RECORDS FOR THE EXERCISE Start Marker

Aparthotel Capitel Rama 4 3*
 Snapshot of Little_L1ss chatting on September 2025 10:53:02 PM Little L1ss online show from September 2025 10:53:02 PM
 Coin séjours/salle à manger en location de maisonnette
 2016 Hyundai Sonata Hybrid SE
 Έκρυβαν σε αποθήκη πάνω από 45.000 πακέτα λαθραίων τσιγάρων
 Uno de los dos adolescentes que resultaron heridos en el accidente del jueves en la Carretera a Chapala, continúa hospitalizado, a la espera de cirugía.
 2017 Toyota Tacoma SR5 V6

RECORDS FOR THE EXERCISE End Marker

**REQUIREMENT**
Where the line containing "Snapshot of Little_L1ss" appears in the records above, begin copying and continue through the last line; copy each line exactly and include no others.

**EXPECTED OUTPUT**
 Snapshot of Little_L1ss chatting on September 2025 10:53:02 PM Little L1ss online show from September 2025 10:53:02 PM
 Coin séjours/salle à manger en location de maisonnette
 2016 Hyundai Sonata Hybrid SE
 Έκρυβαν σε αποθήκη πάνω από 45.000 πακέτα λαθραίων τσιγάρων
 Uno de los dos adolescentes que resultaron heridos en el accidente del jueves en la Carretera a Chapala, continúa hospitalizado, a la espera de cirugía.
 2017 Toyota Tacoma SR5 V6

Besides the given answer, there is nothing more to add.